‘Making such bargain’: Transcribe Bentham and the quality and cost-effectiveness of crowdsourced transcription1

AbstractIn recent years, important research on crowdsourcing in the cultural heritage sector has been published, dealing with topics such as the quantity of contributions made by volunteers, the motivations of those who participate in such projects, the design and establishment of crowdsourcing initiatives, and their public engagement value. This article addresses a gap in the literature, and seeks to answer two key questions in relation to crowdsourced transcription: (1) whether volunteers’ contributions are of a high enough standard for creating a publicly accessible database, and for use in scholarly research; and (2) if crowdsourced transcription makes economic sense, and if the investment in launching and running such a project can ever pay off. In doing so, this article takes the award-winning crowdsourced transcription initiative, Transcribe Bentham, which began in 2010, as its case study.

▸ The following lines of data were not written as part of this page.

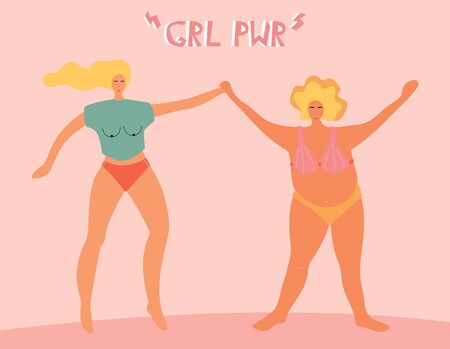 Illustration with two women wearing swimwear. Body positive female character. Owerweight characters. のイラスト素材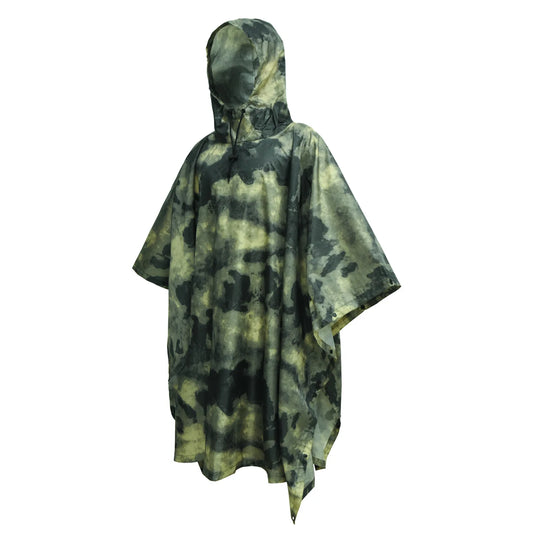 Tactical Jungle A-TACS FG Camouflage Folding Raincoat Portable Poncho Men Waterproof Tourism Rain Jacket Cover Army RainWear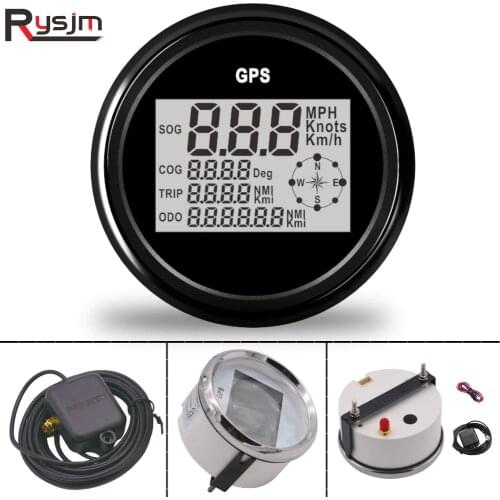 85mm Digital Boat Motorcycle GPS Speedometer 0~999 Knots MPH Km/h Adjustable GPS Speed Gauge With Backlight 12V/24V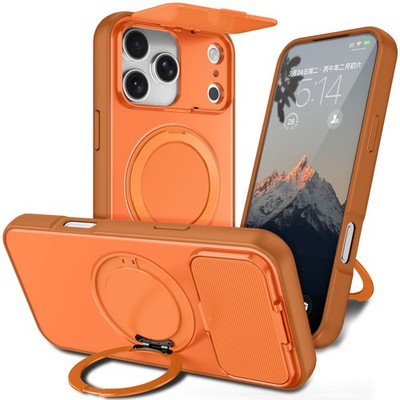 For iPhone 17 Pro Max 16 15 14 13 12 11 Magnetic Slide Camera Case Stand Cover
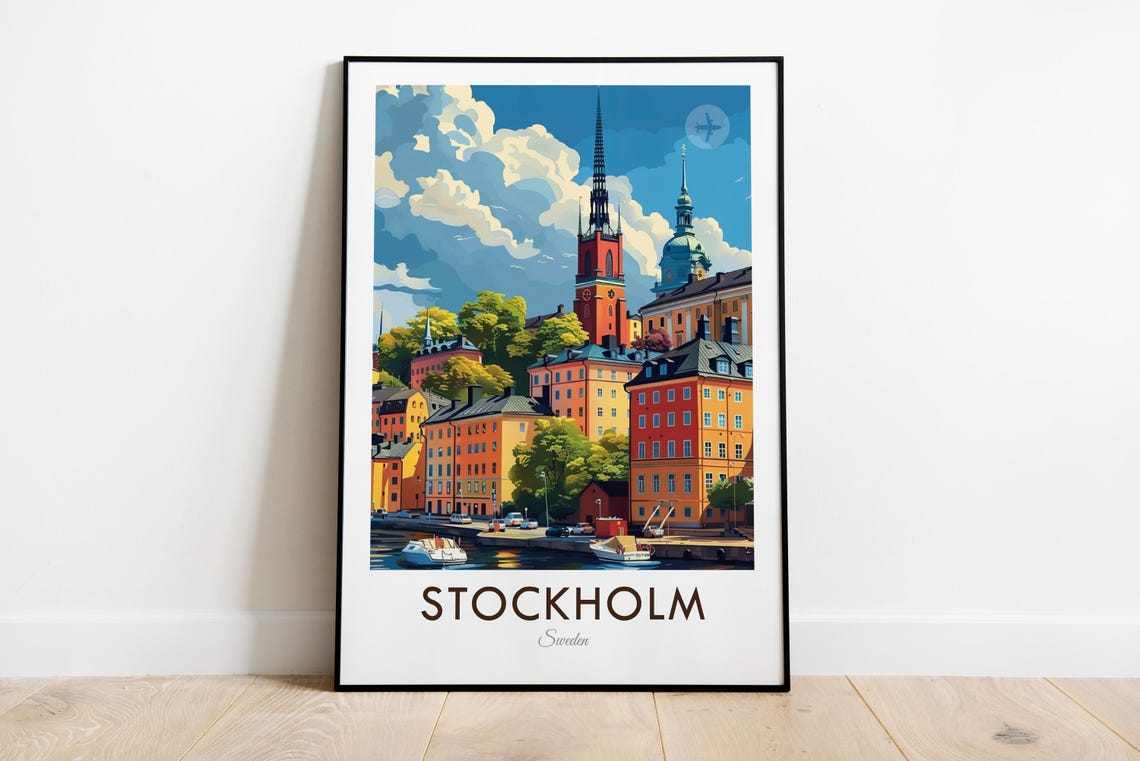 Stockholm Sweden Gamla Stan Colorful Harbor Waterfront Travel Poster
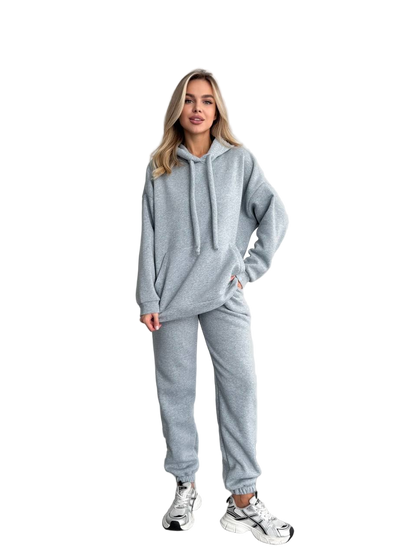 Womens Light Gray Oversized Tracksuit Trinitka Fleece Hoodie and Sweatpants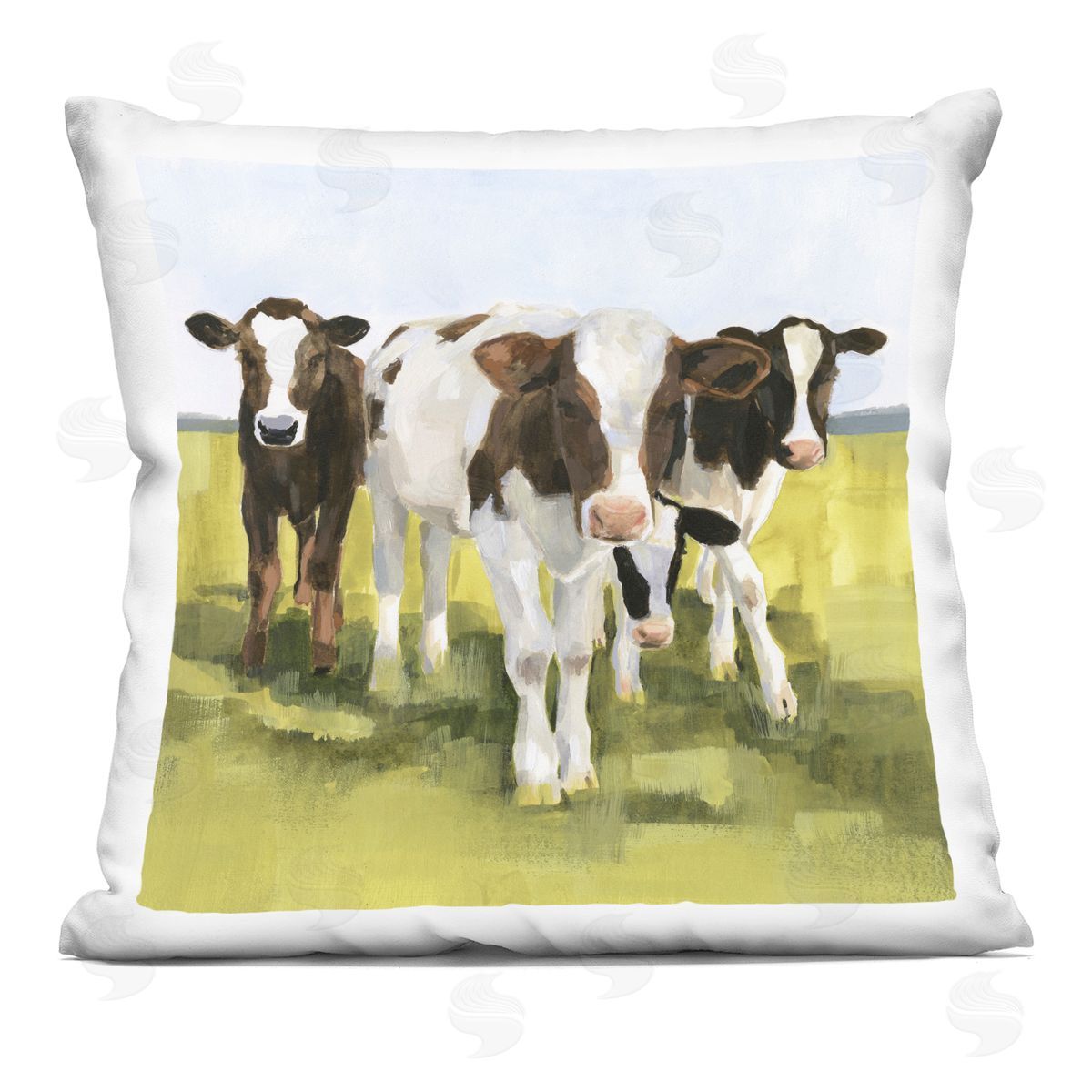 Calf Cows Country Farmland Decorative Printed Pillow, Home Decor by Victoria Borges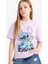 Kız Çocuk Disney Lilo & Stitch Relax Fit Bisiklet Yaka Kısa Kollu Tişört E2611A825SM 1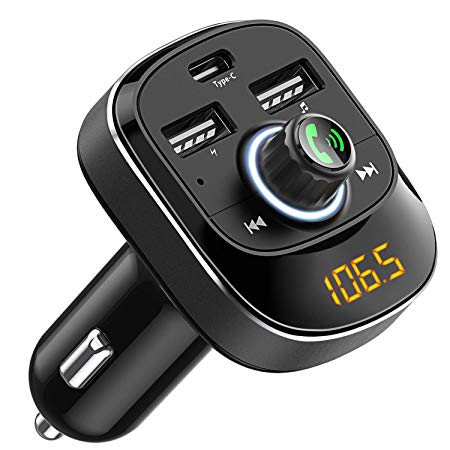 COMSOON Bluetooth FM Transmitter for Car, Wireless FM Radio Transmitter Adapter Car Kit with Hands Free Calling, Dual USB & Type-C Charging Port, Music Player Support USB Drive & TF Card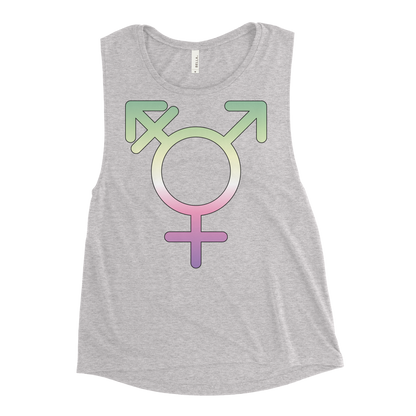 Transgender Symbol - Genderfae Pride Ladies’ Muscle Tank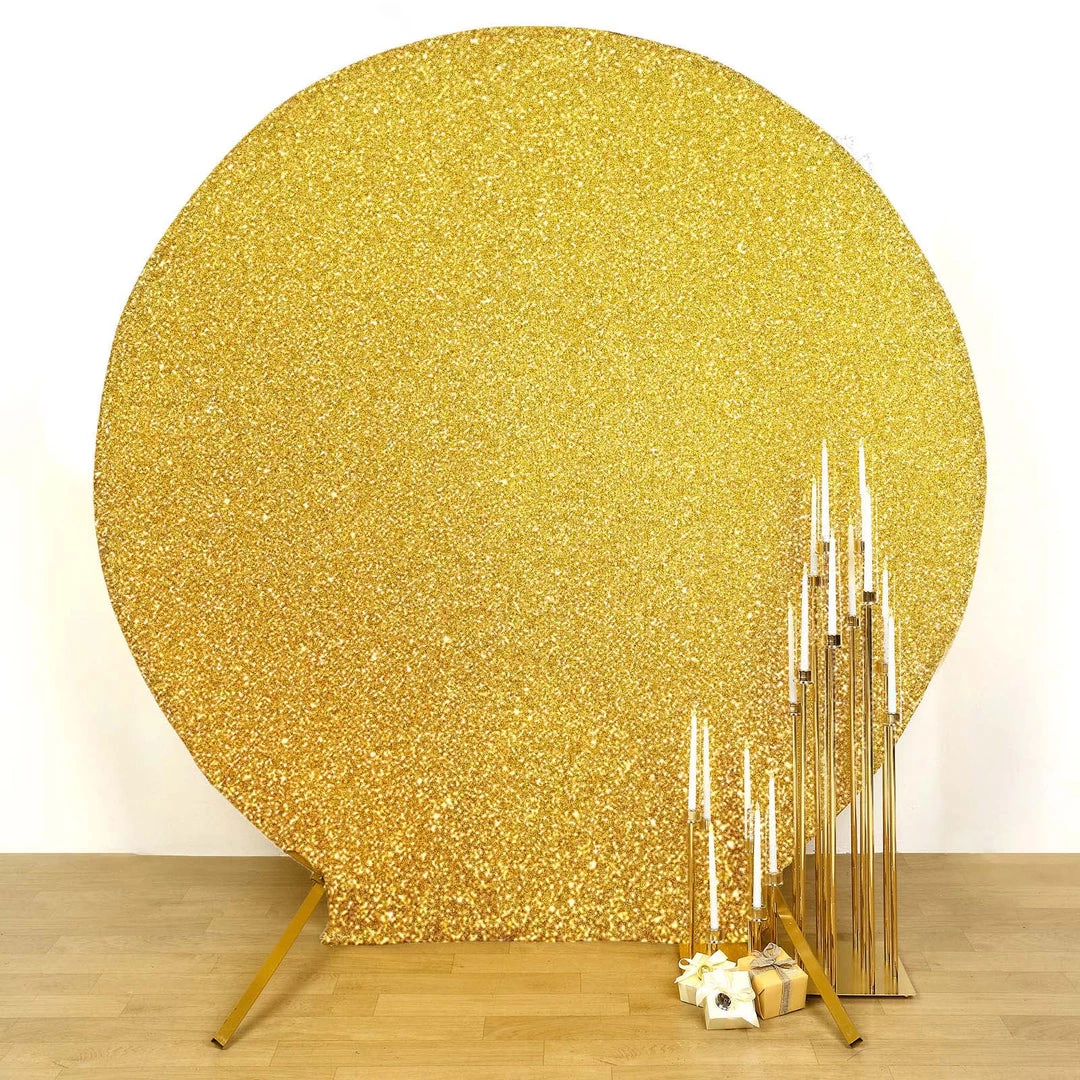 HIER_3110 7.5ft Gold 2-Sided Shimmer Fitted Round Wedding Arch Cover Metallic Glittered Spandex Round Backdrop 7 HIER_3110 7.5ft Gold 2-Sided Shimmer Fitted Round Wedding Arch Cover Metallic Glittered Spandex Round Backdrop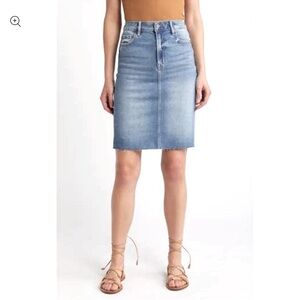 Sundance Denim Pencil Skirt with Raw Hem Size XS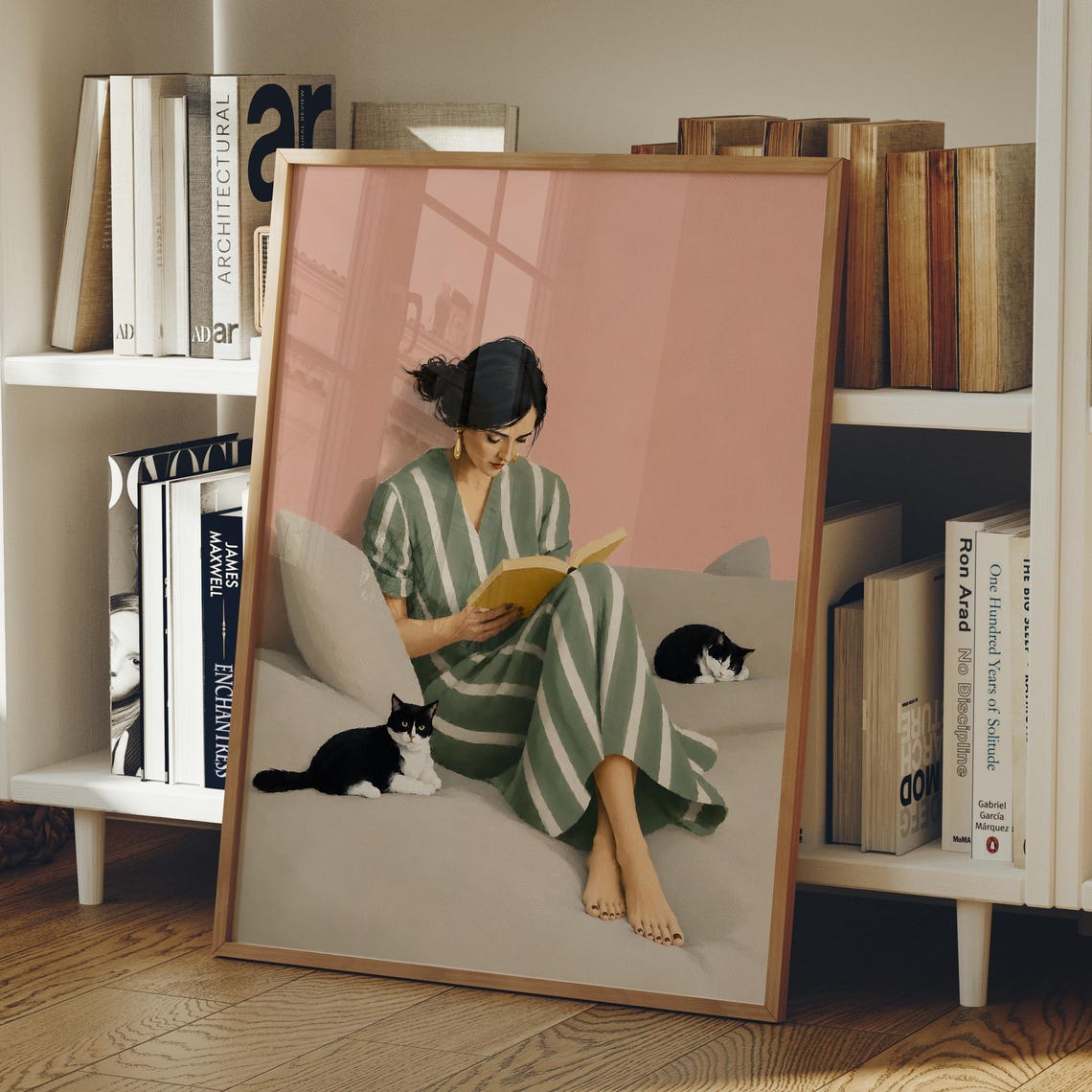 Minimalist Dopamine Decor Modern Book Lover Gift Print Black Cat Wall Art Digital Download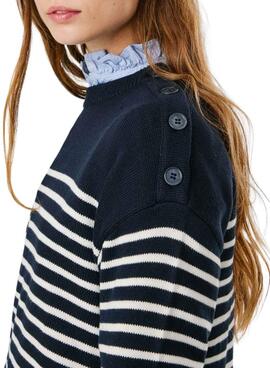 Pullover Pepe Jeans Carlina gestreiftes Marineblau für Damen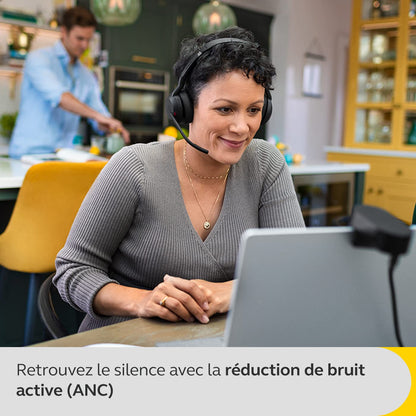 Jabra Evolve2 55 - wireless mono headset with charging stand Air Comfort - microphones with noise cancellation and ANC - compatible with all UC platforms like Zoom and Google Meet - Black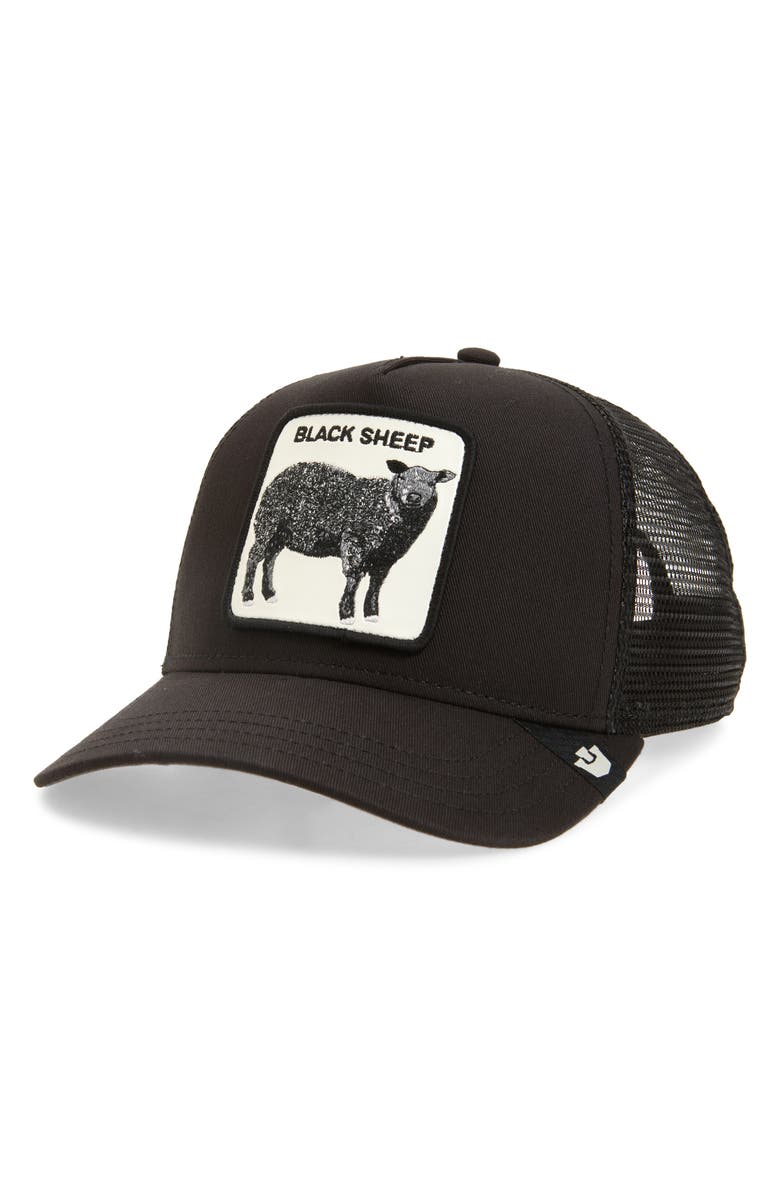 Goorin Bros. The Black Sheep Patch Trucker Hat, Main, color, Black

It examines a large data set, namely, 4,364 checked and approved transcripts submitted by volunteers between 1 October 2012 and 27 June 2014. These data include metrics such as the time taken to check and approve each transcript, and the number of alterations made to the transcript by Transcribe Bentham staff. These data are then used to evaluate the long-term cost-effectiveness of the initiative, and its potential impact upon the ongoing production of The Collected Works of Jeremy Bentham at UCL. Finally, the article proposes more general points about successfully planning humanities crowdsourcing projects, and provides a framework in which both the quality of their outputs and the efficiencies of their cost structures can be evaluated.